*** Records shown ***

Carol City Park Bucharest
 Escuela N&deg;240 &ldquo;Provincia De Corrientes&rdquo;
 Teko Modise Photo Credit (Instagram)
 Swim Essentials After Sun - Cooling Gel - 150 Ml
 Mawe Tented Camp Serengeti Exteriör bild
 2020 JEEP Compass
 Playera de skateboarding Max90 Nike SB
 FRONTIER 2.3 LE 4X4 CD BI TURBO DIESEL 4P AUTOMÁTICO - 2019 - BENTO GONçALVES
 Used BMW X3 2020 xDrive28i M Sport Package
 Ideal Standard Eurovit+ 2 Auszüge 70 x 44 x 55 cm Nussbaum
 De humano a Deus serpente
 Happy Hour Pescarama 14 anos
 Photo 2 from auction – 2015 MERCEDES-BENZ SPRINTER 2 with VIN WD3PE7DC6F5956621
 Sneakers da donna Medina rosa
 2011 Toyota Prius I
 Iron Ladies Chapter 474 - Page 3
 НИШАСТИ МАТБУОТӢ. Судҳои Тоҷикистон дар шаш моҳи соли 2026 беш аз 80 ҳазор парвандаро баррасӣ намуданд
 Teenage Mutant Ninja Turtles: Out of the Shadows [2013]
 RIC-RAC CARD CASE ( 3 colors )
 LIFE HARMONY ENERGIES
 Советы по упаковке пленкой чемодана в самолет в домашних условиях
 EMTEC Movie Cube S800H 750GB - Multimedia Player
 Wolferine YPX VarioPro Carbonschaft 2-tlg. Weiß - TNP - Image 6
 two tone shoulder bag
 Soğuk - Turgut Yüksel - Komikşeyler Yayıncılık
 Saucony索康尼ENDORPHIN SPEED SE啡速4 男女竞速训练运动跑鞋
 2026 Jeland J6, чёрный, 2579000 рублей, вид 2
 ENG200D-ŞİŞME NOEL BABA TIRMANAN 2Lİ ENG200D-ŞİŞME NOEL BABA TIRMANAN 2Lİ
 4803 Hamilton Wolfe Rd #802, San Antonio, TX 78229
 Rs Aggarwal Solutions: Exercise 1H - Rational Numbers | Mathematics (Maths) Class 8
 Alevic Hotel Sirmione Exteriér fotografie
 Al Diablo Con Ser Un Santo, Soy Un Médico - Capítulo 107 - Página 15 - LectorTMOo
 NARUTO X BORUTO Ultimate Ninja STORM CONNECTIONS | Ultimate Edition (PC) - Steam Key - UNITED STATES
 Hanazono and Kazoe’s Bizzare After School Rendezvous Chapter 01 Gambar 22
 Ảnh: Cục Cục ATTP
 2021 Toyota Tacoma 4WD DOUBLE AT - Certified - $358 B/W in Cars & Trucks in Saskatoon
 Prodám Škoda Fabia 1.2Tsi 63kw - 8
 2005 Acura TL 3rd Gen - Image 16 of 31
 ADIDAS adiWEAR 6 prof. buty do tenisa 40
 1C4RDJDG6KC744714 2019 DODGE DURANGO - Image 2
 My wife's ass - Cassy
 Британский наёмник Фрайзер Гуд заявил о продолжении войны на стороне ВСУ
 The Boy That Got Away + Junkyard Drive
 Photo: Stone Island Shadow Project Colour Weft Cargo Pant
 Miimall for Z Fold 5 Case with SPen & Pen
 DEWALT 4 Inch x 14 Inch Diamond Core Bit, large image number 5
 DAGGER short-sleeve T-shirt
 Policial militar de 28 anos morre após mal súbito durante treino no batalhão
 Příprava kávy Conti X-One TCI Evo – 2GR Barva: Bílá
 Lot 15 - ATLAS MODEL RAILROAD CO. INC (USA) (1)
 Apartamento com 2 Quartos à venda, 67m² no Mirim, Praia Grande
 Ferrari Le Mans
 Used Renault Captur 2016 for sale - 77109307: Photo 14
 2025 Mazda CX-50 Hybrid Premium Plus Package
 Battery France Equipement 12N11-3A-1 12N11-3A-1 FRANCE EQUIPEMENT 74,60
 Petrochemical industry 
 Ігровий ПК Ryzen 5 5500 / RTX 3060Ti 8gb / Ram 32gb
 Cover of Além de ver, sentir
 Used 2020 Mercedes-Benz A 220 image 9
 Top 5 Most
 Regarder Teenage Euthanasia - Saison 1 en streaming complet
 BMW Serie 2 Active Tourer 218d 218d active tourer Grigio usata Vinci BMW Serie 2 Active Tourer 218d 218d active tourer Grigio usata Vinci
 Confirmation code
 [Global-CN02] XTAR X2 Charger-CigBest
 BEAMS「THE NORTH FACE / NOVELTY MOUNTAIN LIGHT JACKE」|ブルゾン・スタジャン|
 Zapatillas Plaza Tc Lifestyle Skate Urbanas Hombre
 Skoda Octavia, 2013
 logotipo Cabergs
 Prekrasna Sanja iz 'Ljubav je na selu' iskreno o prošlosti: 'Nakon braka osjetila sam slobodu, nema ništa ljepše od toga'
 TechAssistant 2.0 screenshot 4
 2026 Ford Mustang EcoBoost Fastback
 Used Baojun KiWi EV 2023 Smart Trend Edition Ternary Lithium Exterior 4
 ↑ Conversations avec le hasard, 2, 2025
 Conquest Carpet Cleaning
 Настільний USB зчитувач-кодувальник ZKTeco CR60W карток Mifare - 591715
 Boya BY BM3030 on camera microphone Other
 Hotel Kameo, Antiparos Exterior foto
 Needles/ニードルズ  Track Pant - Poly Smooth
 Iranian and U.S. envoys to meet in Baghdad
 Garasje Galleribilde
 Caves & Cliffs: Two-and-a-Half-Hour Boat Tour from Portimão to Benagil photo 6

***

§ Directions for this task:
Start at the first line of the entries above. Set down each line exactly through the one with "EMTEC Movie Cube", and stop there.

§ Exercise solution:
Carol City Park Bucharest
 Escuela N&deg;240 &ldquo;Provincia De Corrientes&rdquo;
 Teko Modise Photo Credit (Instagram)
 Swim Essentials After Sun - Cooling Gel - 150 Ml
 Mawe Tented Camp Serengeti Exteriör bild
 2020 JEEP Compass
 Playera de skateboarding Max90 Nike SB
 FRONTIER 2.3 LE 4X4 CD BI TURBO DIESEL 4P AUTOMÁTICO - 2019 - BENTO GONçALVES
 Used BMW X3 2020 xDrive28i M Sport Package
 Ideal Standard Eurovit+ 2 Auszüge 70 x 44 x 55 cm Nussbaum
 De humano a Deus serpente
 Happy Hour Pescarama 14 anos
 Photo 2 from auction – 2015 MERCEDES-BENZ SPRINTER 2 with VIN WD3PE7DC6F5956621
 Sneakers da donna Medina rosa
 2011 Toyota Prius I
 Iron Ladies Chapter 474 - Page 3
 НИШАСТИ МАТБУОТӢ. Судҳои Тоҷикистон дар шаш моҳи соли 2026 беш аз 80 ҳазор парвандаро баррасӣ намуданд
 Teenage Mutant Ninja Turtles: Out of the Shadows [2013]
 RIC-RAC CARD CASE ( 3 colors )
 LIFE HARMONY ENERGIES
 Советы по упаковке пленкой чемодана в самолет в домашних условиях
 EMTEC Movie Cube S800H 750GB - Multimedia Player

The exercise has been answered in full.